Records contained in a dataset
··········

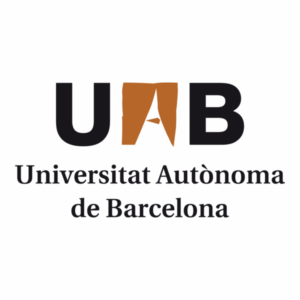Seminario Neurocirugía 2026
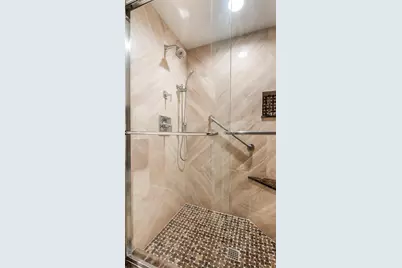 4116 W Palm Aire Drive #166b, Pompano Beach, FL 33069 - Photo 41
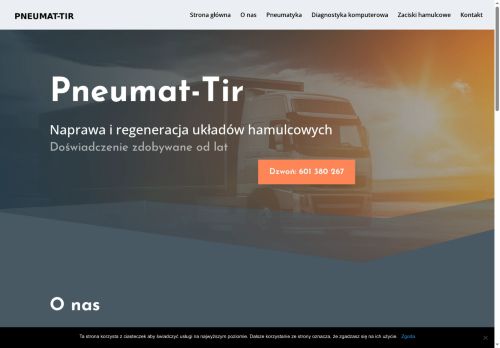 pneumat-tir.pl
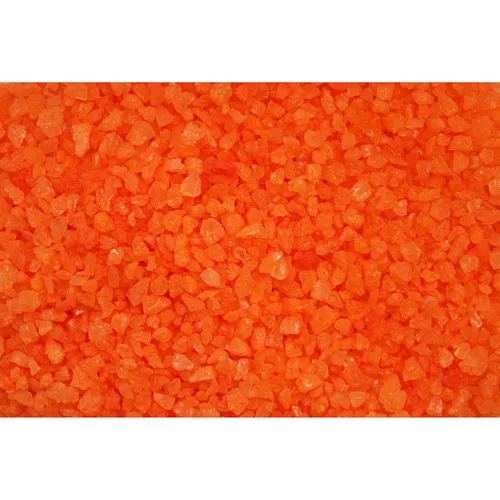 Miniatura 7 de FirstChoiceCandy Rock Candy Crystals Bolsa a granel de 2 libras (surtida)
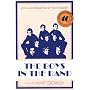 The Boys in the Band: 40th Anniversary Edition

··········

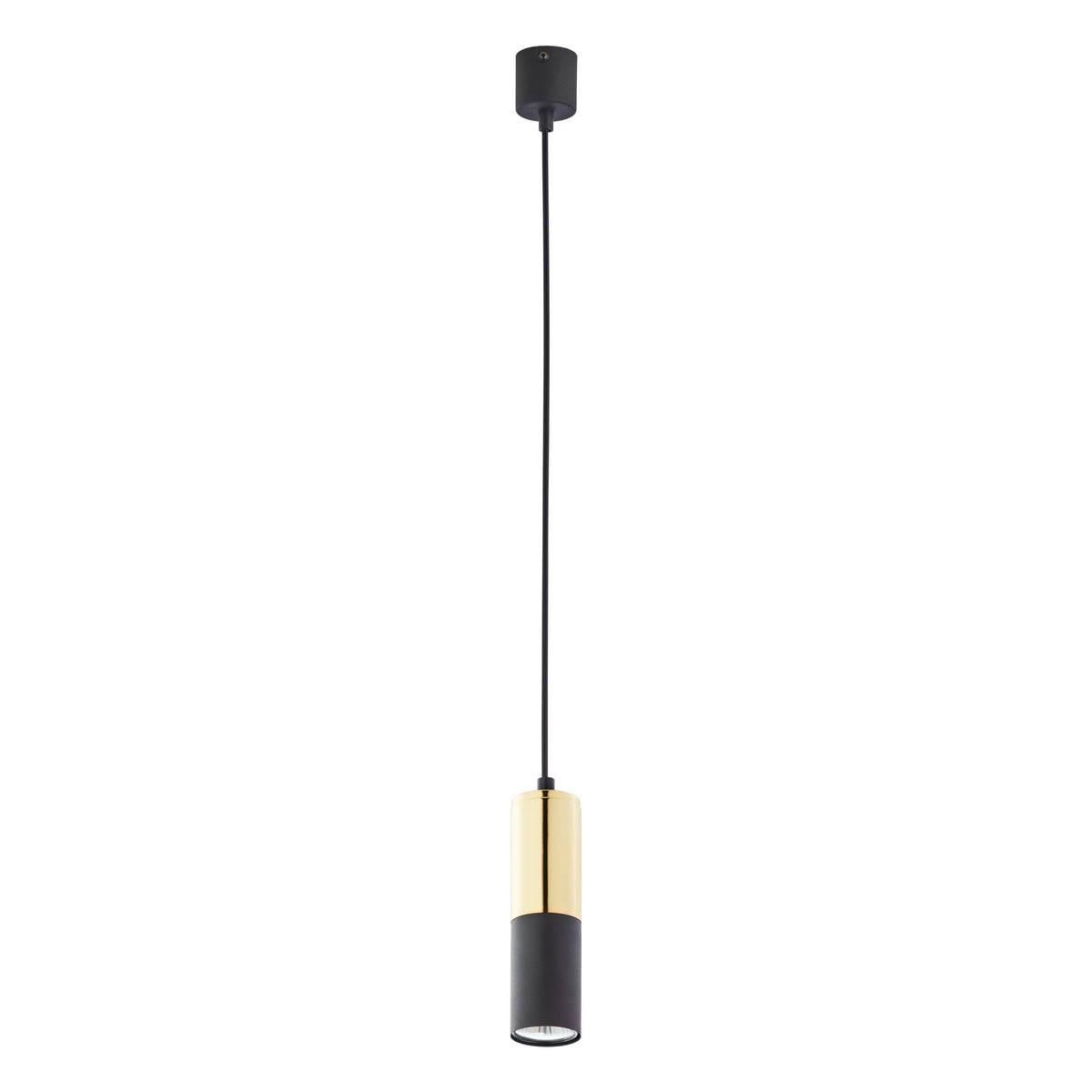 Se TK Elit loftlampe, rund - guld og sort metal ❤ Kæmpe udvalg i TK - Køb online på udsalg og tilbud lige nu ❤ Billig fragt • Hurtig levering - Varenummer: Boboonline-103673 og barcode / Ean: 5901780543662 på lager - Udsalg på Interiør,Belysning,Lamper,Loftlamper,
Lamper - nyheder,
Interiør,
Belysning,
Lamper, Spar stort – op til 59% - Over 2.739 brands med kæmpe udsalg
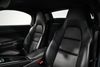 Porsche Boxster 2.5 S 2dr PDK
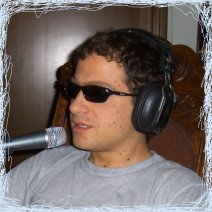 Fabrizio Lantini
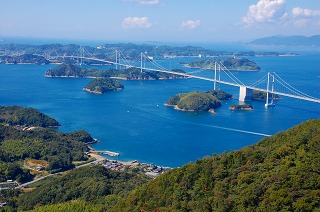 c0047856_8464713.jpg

··········

* PROBLEM *
Print, exactly, each line above from the one with "Lamper, Spar stort" to the one with "c0047856_8464713.jpg", end lines included. Leave pictures out of it.

* SOLUTION TO THIS TASK *
Lamper, Spar stort – op til 59% - Over 2.739 brands med kæmpe udsalg
 Porsche Boxster 2.5 S 2dr PDK
 Fabrizio Lantini
 c0047856_8464713.jpg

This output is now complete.